One debate question that seemed fated to do little but prolong the debate asked candidates for a job description of the position they wished to fill. But it did allow Wooten to make a promise to citizens to heed their will when he described the jobs as "being the sounding board for the voters." And it afforded Rumley the chance to remind them how hard he's worked for them: "You've got a tremendous amount of responsibility on you," he said. "It's a job that you never leave." He described the chill he felt when he heard an ambulance and worried some harm had come to Dade on his watch. "They are your people that you're in charge of and you've got to take it seriously," he said.

A couple of final points: Rumley took issue with references, throughout the long hours of debate preceding his and Wooten's, to the current county regime as being a "good old boy" network. What was a good old boy? he asked, and what was wrong with being good? "I was raised to be a good boy," he said. "I was raised to be good." What did people want, he askd, a bad old boy?

Again, he cited his record of accomplishments and told voters: "I'm asking for four more years because I've got a lot I want to finish."

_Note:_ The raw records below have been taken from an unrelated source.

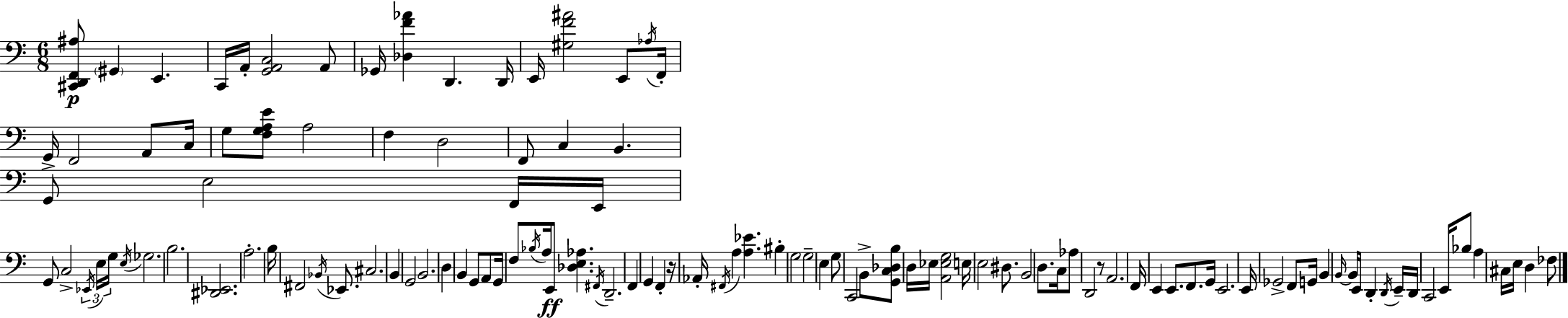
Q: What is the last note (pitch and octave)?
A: FES3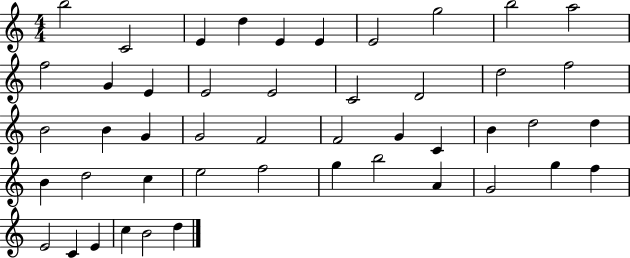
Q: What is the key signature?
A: C major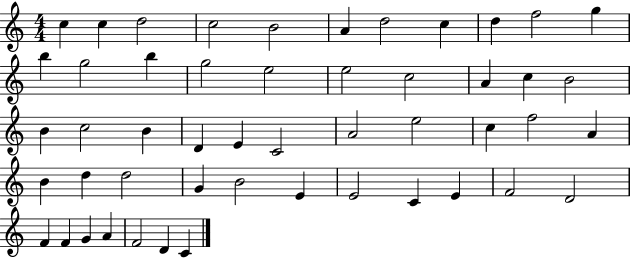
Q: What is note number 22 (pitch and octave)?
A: B4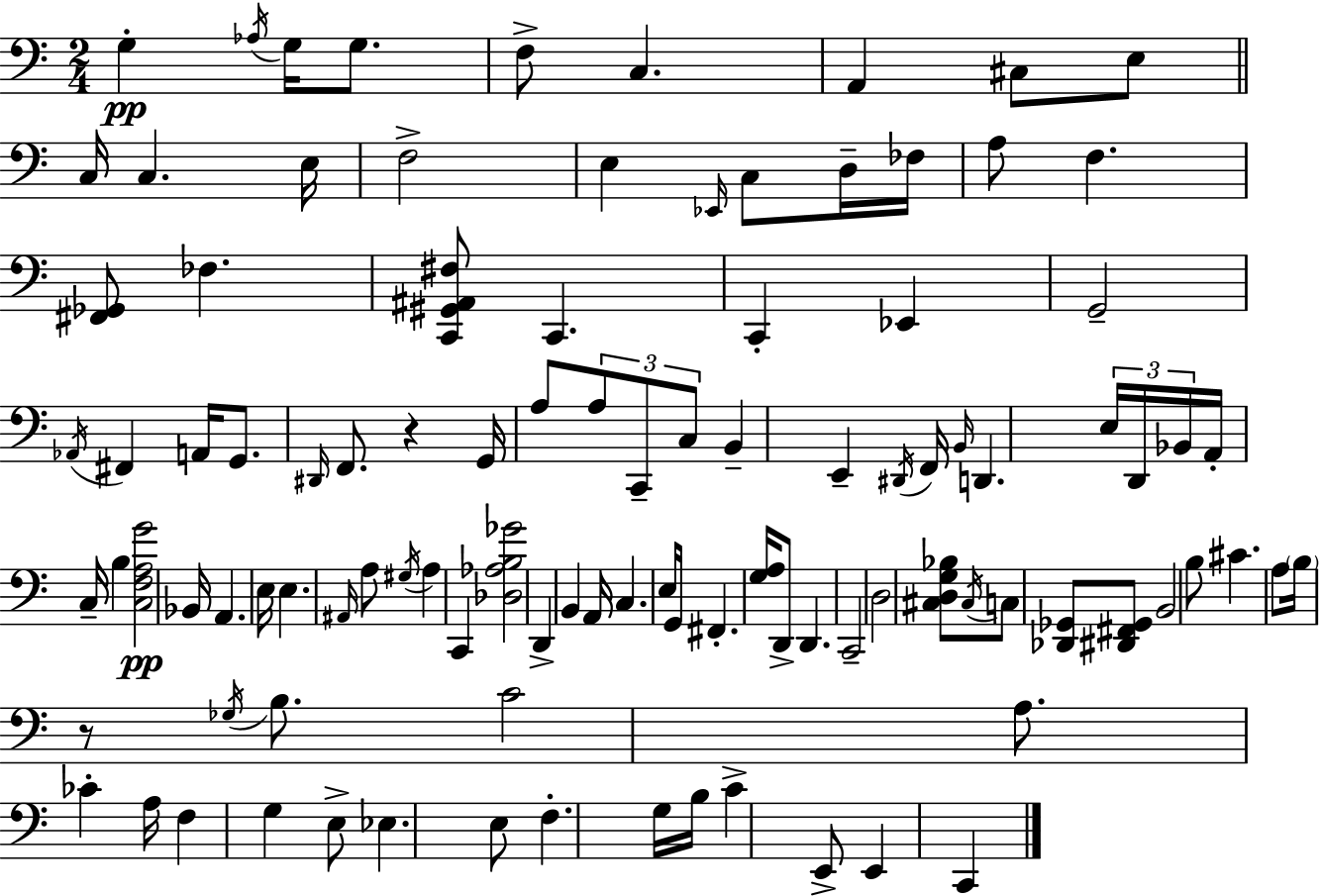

Nathan Wooten reminded watchers of his decades of work in the community as a Boy Scout leader, economic development chairman, school board member and event coordinator. Wooten pretty much singlehandedly stages Dade's Small Business Expo in December and Independence Day bash in July. He had worked to grow Trenton with Lake Region and Jefferson's, he said.

"For the last 30 years, whether you know it or not, I've worked for Dade County," said Wooten. "I've been working for you, just never got paid for it." He wants to keep working for Dade going forward, said Wooten: "I ask you to hire me as your next county executive."

Early voting has begun in the Republican primary that will decide so much about Dade's future. Election Day is June 9.

The Planet will continue this series of articles about the May 14 debates later in the week.